Activity:
Count every line in the entries that contains "Левицкого". Report that count alone.

Provided data:
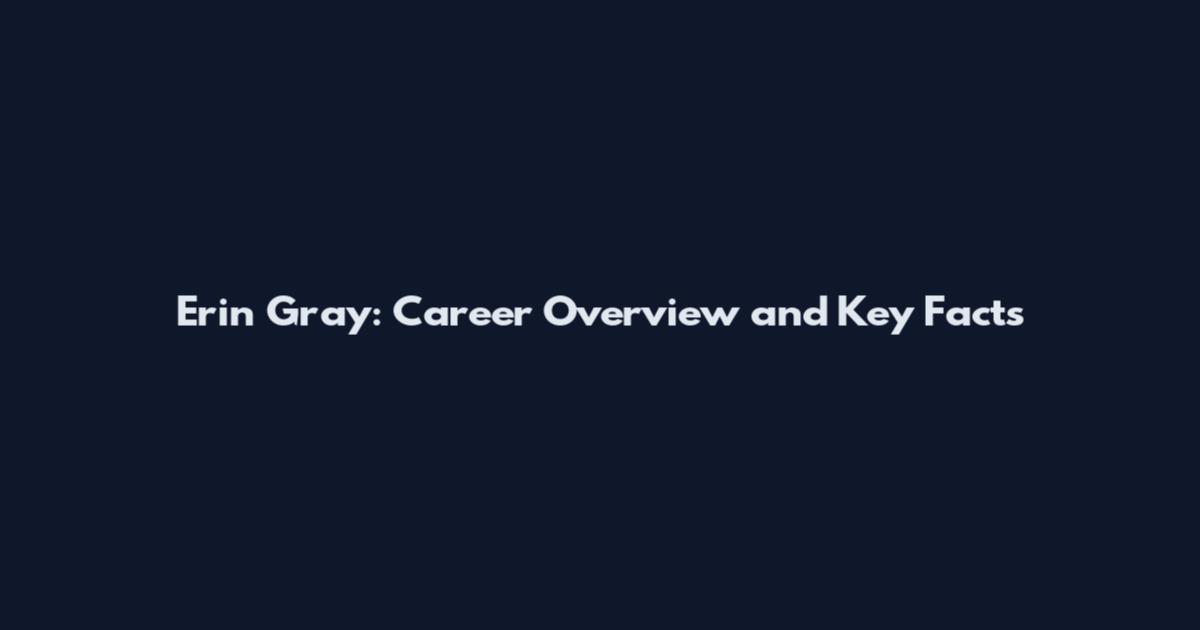Erin Gray: Career Overview and Key Facts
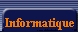 Informatique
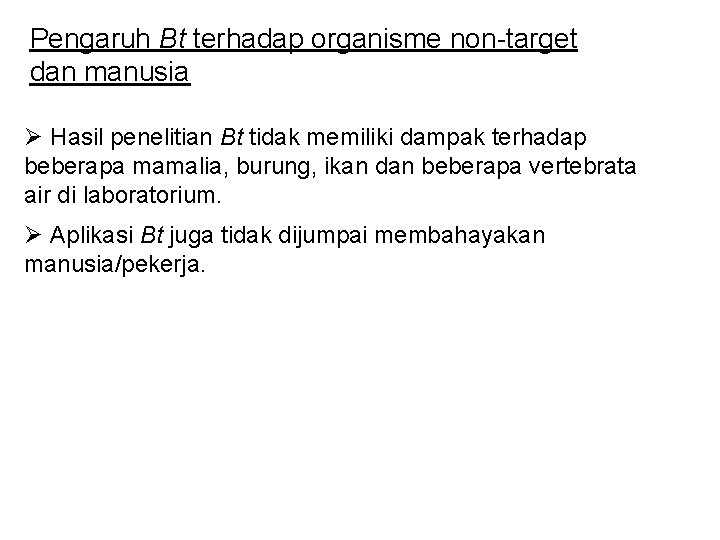 Pengaruh Bt terhadap organisme non-target dan manusia Ø Hasil penelitian Bt tidak memiliki dampak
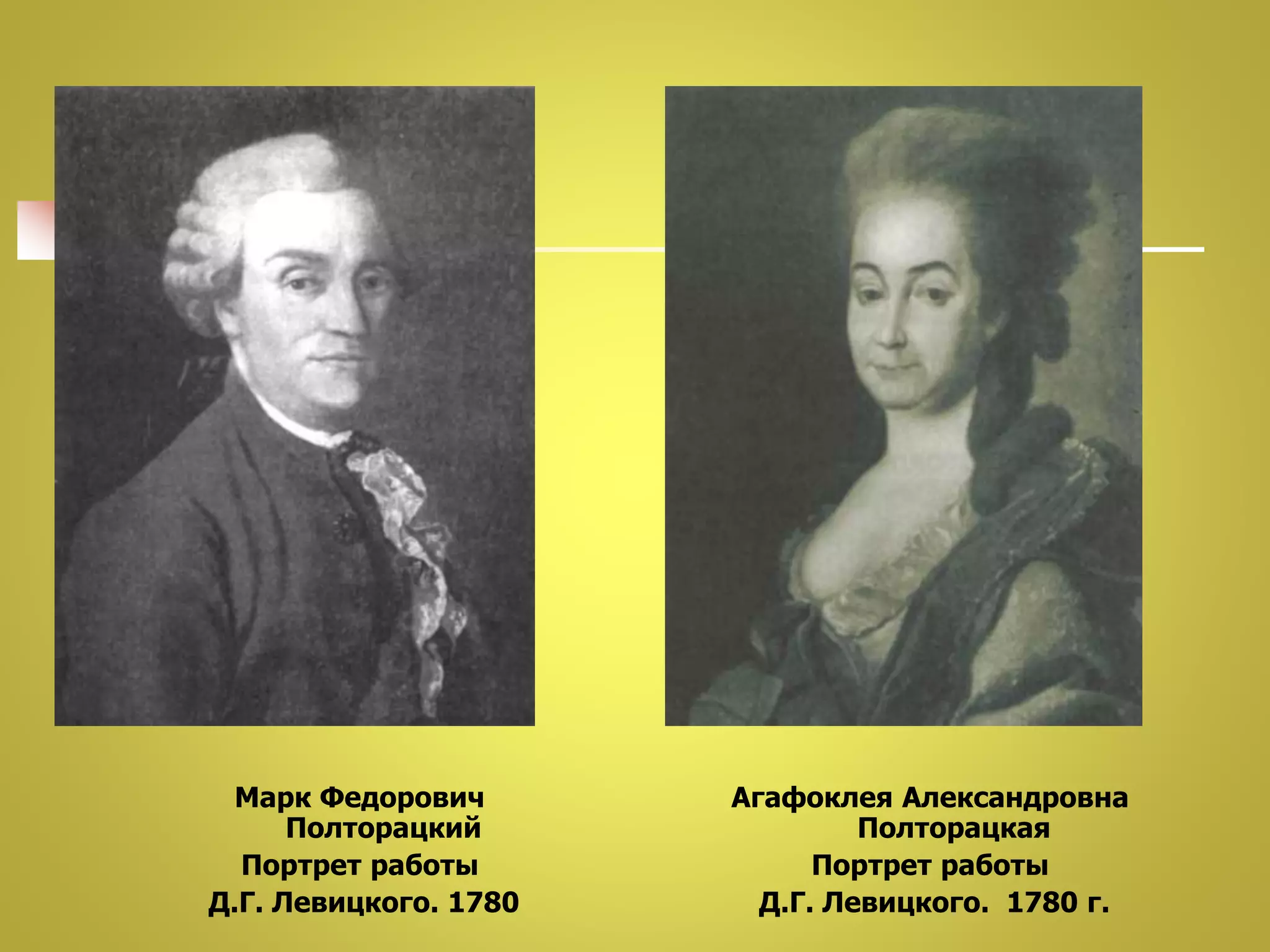 Марк Федорович 
Полторацкий 
Портрет работы 
Д.Г. Левицкого. 1780 
Агафоклея Александровна 
Полторацкая 
Портрет работы 
Д.Г. Левицкого. 1780 г. 
 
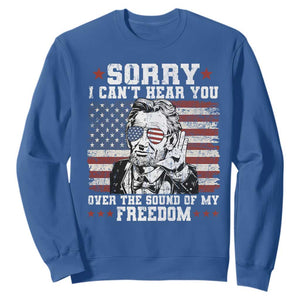 Funny Abraham Lincoln 4th Of July Sweatshirt Sorry Cant Hear You Sound Of My Freedom American Flag TS10 Royal Blue Print Your Wear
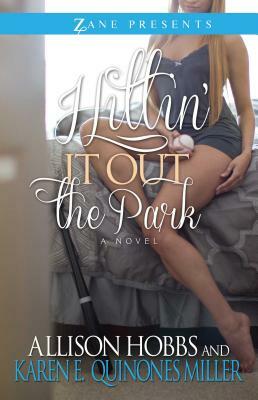 Hittin' It Out the Park by Allison Hobbs, Karen E. Quinones Miller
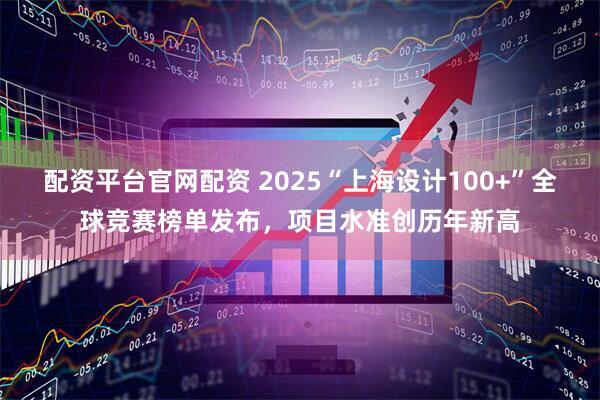 配资平台官网配资 2025“上海设计100+”全球竞赛榜单发布，项目水准创历年新高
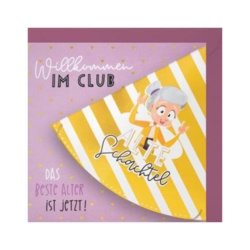 Geburtstagskarte  Willkommen im Club  Alte Schachtel  Das beste Alter ist jetzt      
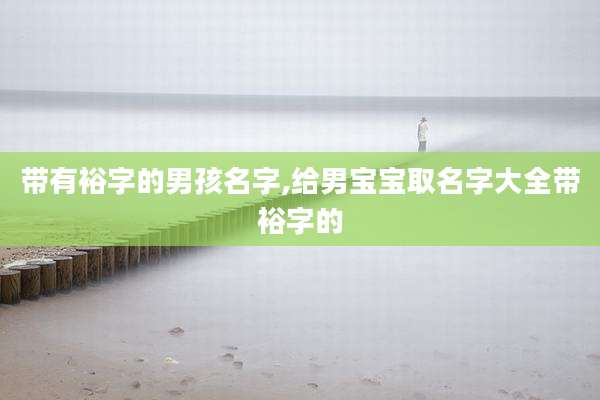 带有裕字的男孩名字,给男宝宝取名字大全带裕字的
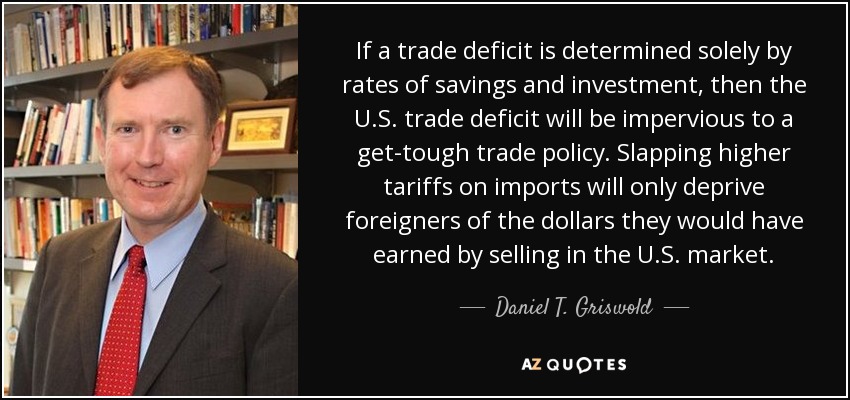If a trade deficit is determined solely by rates of savings and investment, then the U.S. trade deficit will be impervious to a get-tough trade policy. Slapping higher tariffs on imports will only deprive foreigners of the dollars they would have earned by selling in the U.S. market. - Daniel T. Griswold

Solution to this task:
2